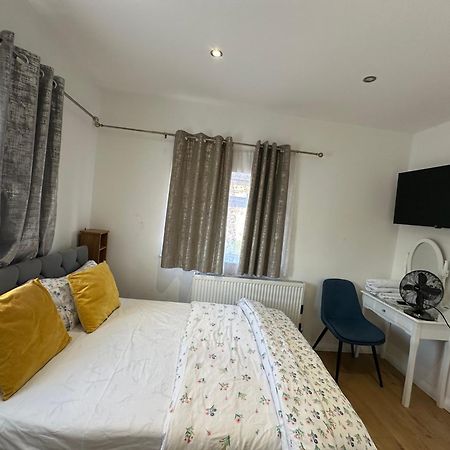 3Rd Studio Flat With Private Toilet And Bathroom Setup For Family Enjoyment 134 Keedonwood Road Bromley Esterno foto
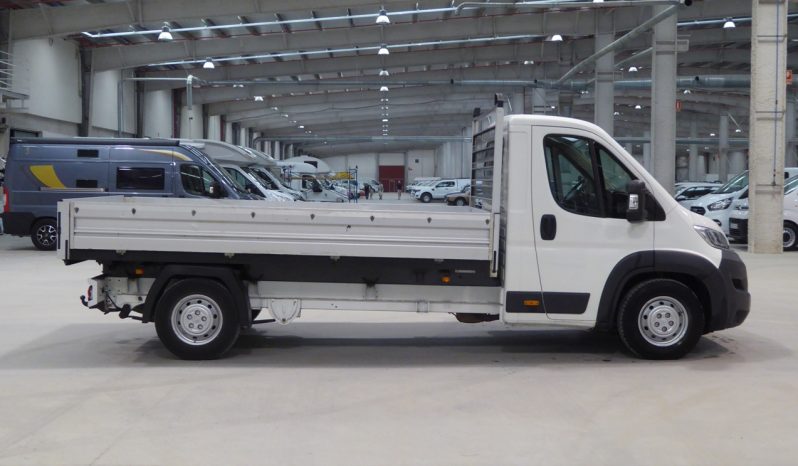 
								Citroen Jumper BlueHDi 130CV  35 Heavy L4 volquete trilateral lleno									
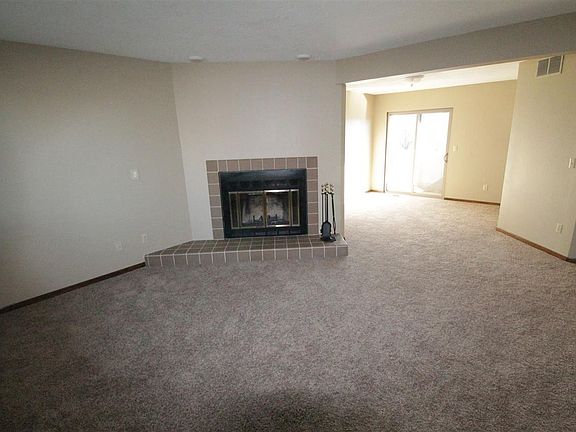 5th image of 2021 N Broadmoor St APT 602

+--

## About this exercise
Once the pictures are dropped, please print every remaining line of the material verbatim.

## Task response
 3Rd Studio Flat With Private Toilet And Bathroom Setup For Family Enjoyment 134 Keedonwood Road Bromley Esterno foto
								Citroen Jumper BlueHDi 130CV  35 Heavy L4 volquete trilateral lleno									
 5th image of 2021 N Broadmoor St APT 602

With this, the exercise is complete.